When I was a boy, the names of Sam’s brothers were never spoken in our home. But I did hear a story several times when I was older that one or more of the brothers literally backed a vehicle up to the rear of Sam’s store late one night, loaded up his suits and other clothes, then placed them in their own store around the corner. I knew that families were given to exaggeration, that stories get stretched. I imagined this to be just such a tall tale.
But in 2009, Mack Stone’s grandson David volunteered that the story was true in every particular. His own grandmother Edna had told him how she had backed her car to the rear of Sam’s store, while her husband, Mack, carried out suit after suit, all of it bound for Stone Brothers, a few steps away from Sam’s shop. Mack confirmed the story to his son. When Sam later entered his brothers’ store, he instantly recognized his own merchandise.
“That’s mine!” he fumed.
“Prove it,” challenged Mack.
Perhaps Sam was too crushed
to bring himself to prosecute his own brothers. But perhaps it was something else, something more sinister. Sam knew that Mack and the others had something on him—the knowledge that he had fraudulently obtained a passport, birth certificate, and other legal papers, that he had sworn falsely under oath before federal authorities, and that he was not, as he claimed, native-born. Sam was in no position to bring in the law.
Instead, he allowed a curtain of silence to fall between himself and his betrayers. It lasted for years.
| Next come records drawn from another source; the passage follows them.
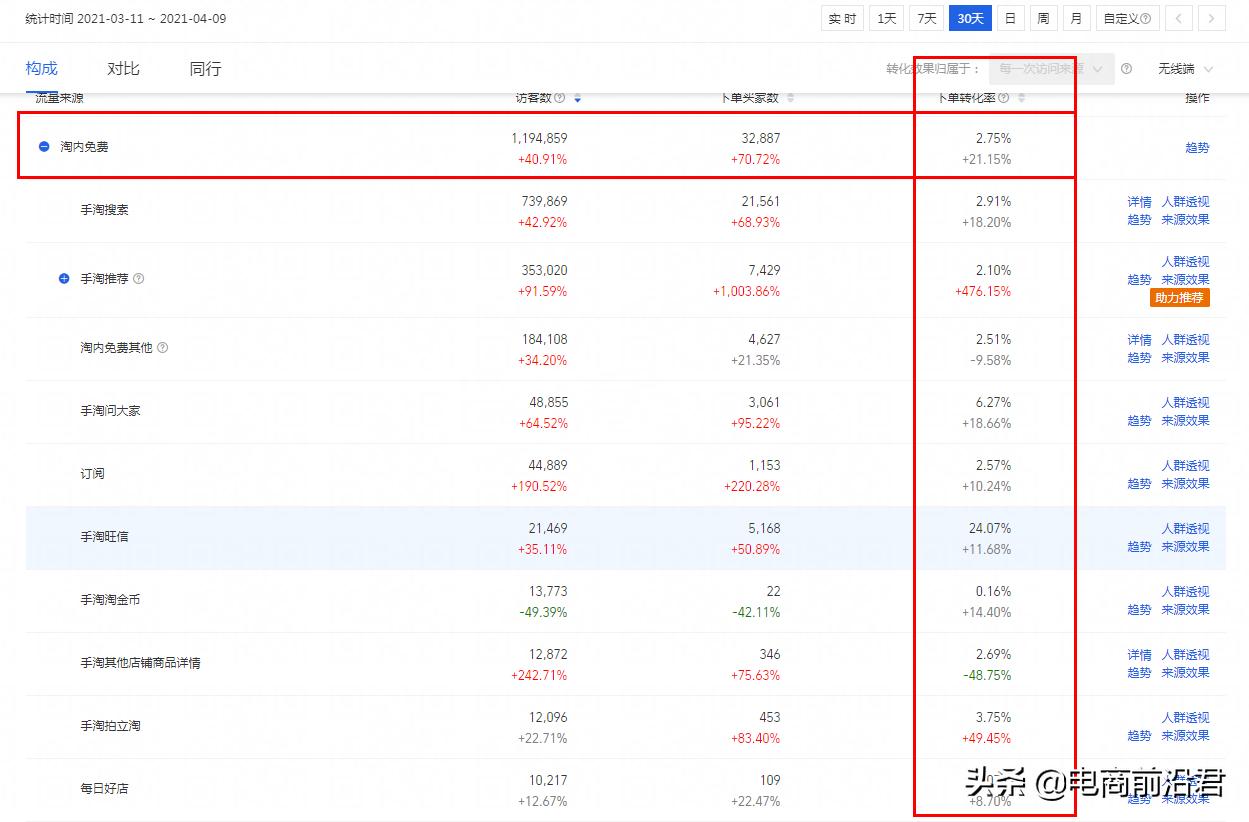 提升淘宝店铺转化率的方法有哪些,淘宝新店转化率和曝光率哪个重要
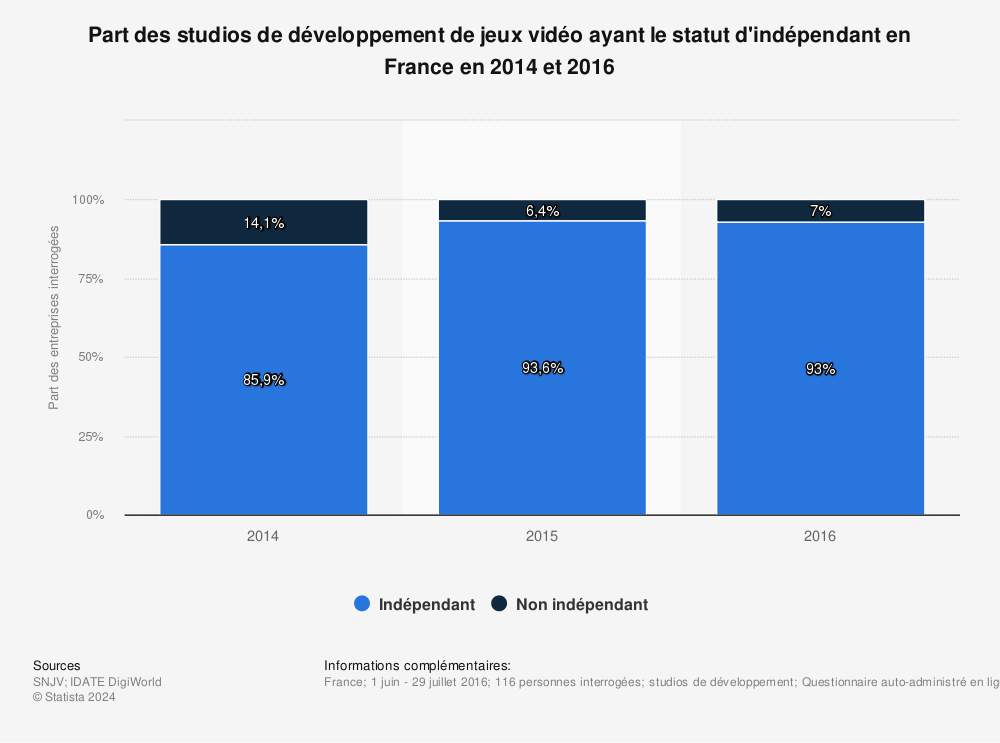 Statistique: Part des studios de développement de jeux vidéo ayant le statut d'indépendant en France en 2014 et 2016 | Statista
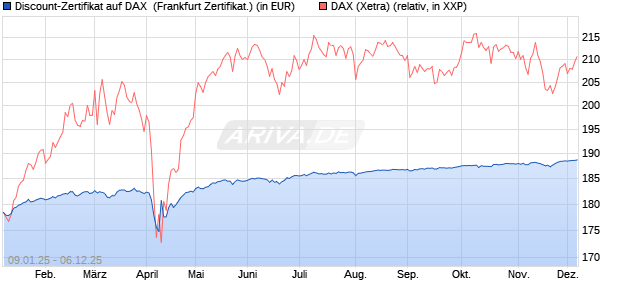 Discount-Zertifikat auf DAX [DZ BANK AG] (WKN: DY15E6) Chart
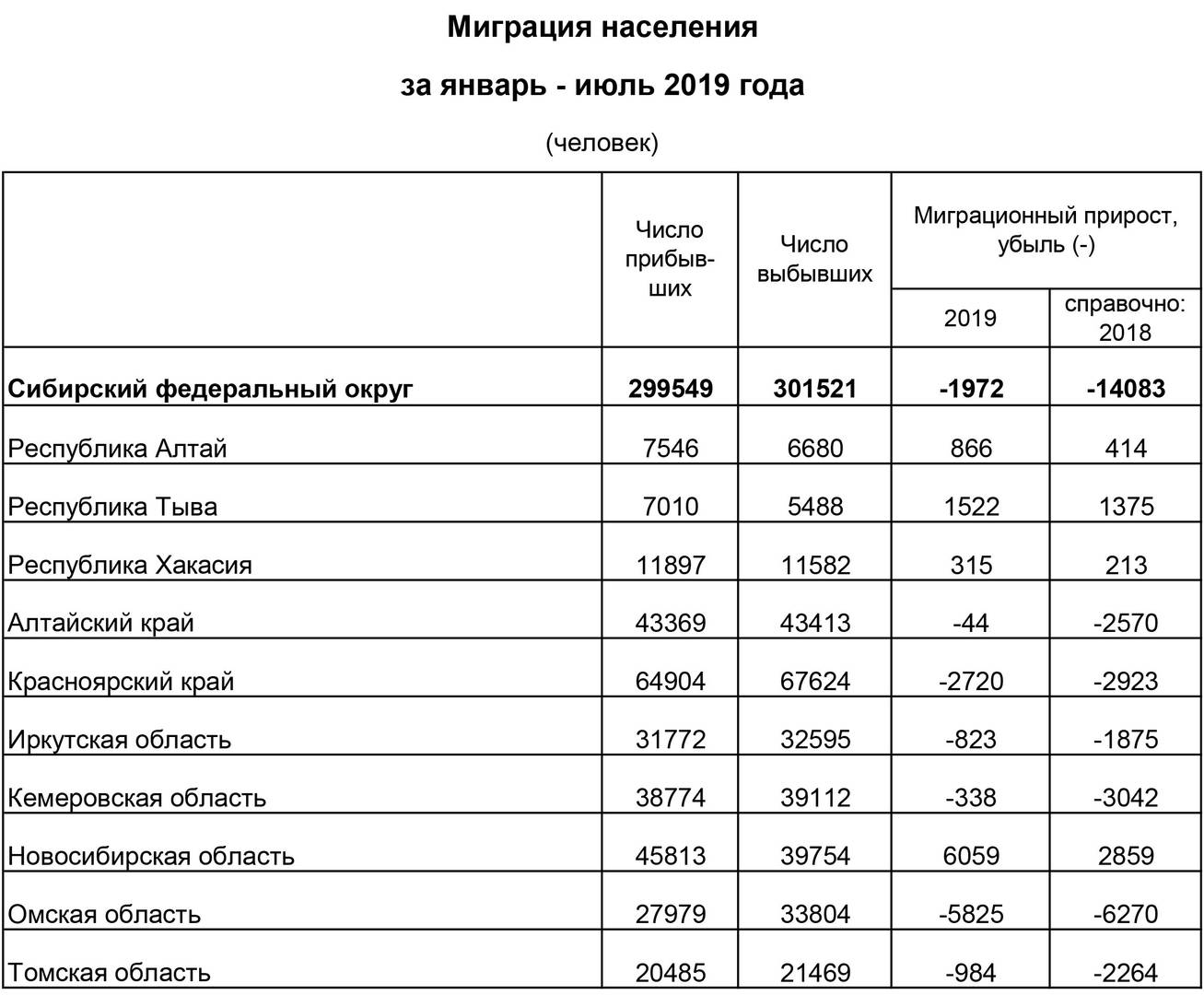 Миграция населения за январь - июль 2019 года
Half a century later, a residue of alienation still separated Sam’s descendants from those of his brothers.
It is likely that Mack and his brothers were jealous of Sam’s success and position in the community. There is evidence that Mack would have been only too willing to use Sam’s mistakes against him, even if it meant sending his eldest brother to prison. In a sheaf of letters left by my grandmother is a November 30, 1932, affidavit in which a man named Ernest W. Richman, who worked for my grandfather, swore that Sam’s brother Mack had come to him several times in June 1932 with a plan to blackmail Sam, and to allege that Sam had ordered Mack to torch his Buffalo, New York, store to collect the insurance. There was in fact a fire that destroyed the store, but Richman in his affidavit said “the entire story is a fabrication,” that Sam had nothing to do with the fire. Sam never sought retribution against his brother Mack.
But my grandmother Minna never forgave Mack. As principled a person as ever there was, Minna recoiled from any contact with him. “Mother hated Mack like poison,” said Dorothy, my mother’s sister. “I think if she had a gun, she would have shot him.”
Even today I cannot fathom the audacity of brother robbing brother. Perhaps to some degree it reflected the lawlessness of the city in those times. Crimes in Canton often went unreported and unpunished. In the public’s mind, many city officials and police were corrupt. In such a freewheeling environment, criminality was seen as one of the lubricants for self-advancement, particularly in the Hard Times. The crimes of Noble Wright and George Carlin had been carried out in desperation and targeted strangers against whom they meant no harm.